De volgende dag bezoek ik de Boekenberg, een spectaculaire bibliotheek in Spijkenisse. Het is een glazen piramide waar boeken tot in de nok zijn opgeborgen. Van de buitenkant lijkt dat een vondst van jewelste; binnen blijkt die boekenverzameling een decorstuk. Je kunt er niet één kiezen en belenen. Bovendien is het van binnen zo onoverzichtelijk dat me de lust om een boek te zoeken al gauw ontnomen wordt. Maar Carola Kerpel die in de bibliotheek werkt, stelt me al gerust. “Als je iets niet kunt vinden, kunnen we het bestellen. En al die boeken die onbereikbaar hoog zijn weggezet, zijn oude boeken die we in de voorbije tien jaar hebben opgespaard. Ze zijn afgeschreven.” De Boekenberg werd eerder dit jaar, op 20 april, officieel geopend en in de loop van het jaar bestempeld als de op een na beste bibliotheek van Nederland. “Dan hebben we het toch goed gedaan,” stelt Carola tevreden vast.

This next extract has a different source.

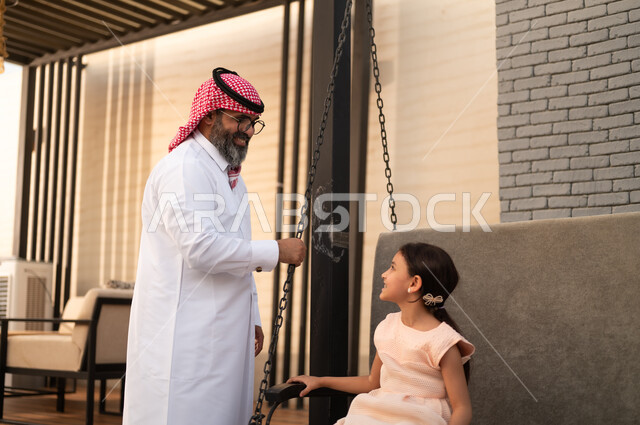 الإستمتاع باللعب في يوم مشمس, قضاء وقت ممتع في الخارج، فتاة عربيه سعوديه خليجيه مبتسمة تلعب في المنتزه بتعابير السرور والسعادة برفقة والدها, التأرجح على الأرجوحه
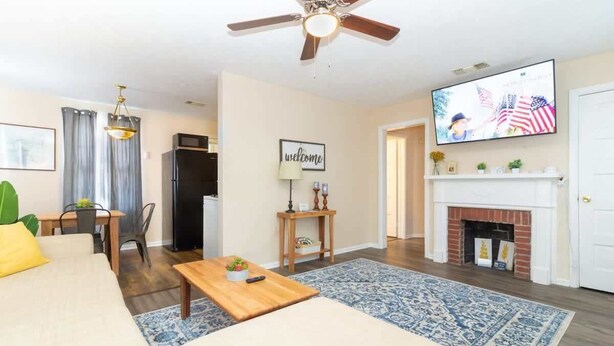 A living room with a sofa, coffee table, TV, fireplace, and a ceiling fan. - Modern Interior - Delightful Doubles Unit D (Columbus)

In Zuidland wandel ik verder. De oude kern van dit stille dorp tussen Spijkenisse en Hellevoetsluis ligt als een ring om de kerk; er is nog een boer actief, midden in het dorp. Zijn boerderij dateert uit de zeventiende eeuw; alles hangt schots en scheef aan elkaar maar hij heeft plezier in het bestaan met een paar koeien. De gemeente maakt het hem lastig; als zijn mest moet hij weg kruien; de nieuw gebouwde huizen achter zijn erf zouden er maar last van kunnen hebben. De boer haalt zijn schouders op en gaat gewoon door.
Ik wandel over een kaarsrecht fietspad tussen Spijkenisse en Hellevoetsluis; tot 1966 reed hier een tram over heen; vanuit Rotterdam was er een verbinding met alle Zuid Hollandse en Zeeuwse eilanden. Het polderlandschap verschilt in niets met dat van de Zeeuwse eilanden; de akkers zijn nat en zwaar, geploegd en in ruste. De lucht is groots en stil.
In Hellevoetsluis ontmoet ik Wouter Struijk de beste ledenwerver van de Partij van de Arbeid en gemeenteraadslid in Spijkenisse. We spreken elkaar in een koffiehoekje van een warenhuis. Een aantal maanden heeft hij in het partijkantoor in Amsterdam gewerkt; nu studeert hij weer, technische bestuurskunde aan de universiteit van Delft. Ledenwerven moet je gewoon doen en ingewikkeld is het niet, vertelt hij enthousiast. De partij van de Arbeid moet in zijn ogen ook vooral een levendige vereniging zijn waarin het leuk en zinvol is om actief te zijn. Hij organiseert vrolijk quizzen in cafés, is op allerlei plaatsen aanwezig en actief bij evenementen. “Het is helemaal niet moeilijk om mensen te betrekken en jongeren te binden maar je moet er dan wel wat voor doen en een afdeling toegankelijk maken. Daar schort het over het algemeen aan. Mensen houden soms eindeloos vast aan posities en gaan door op de vertrouwde voet die vaak naar binnen gekeerd is en besloten. Dat is zo jammer en zo onwenselijk. We moeten naar 100.000 leden en iedereen moet daaraan meehelpen, vind ik.”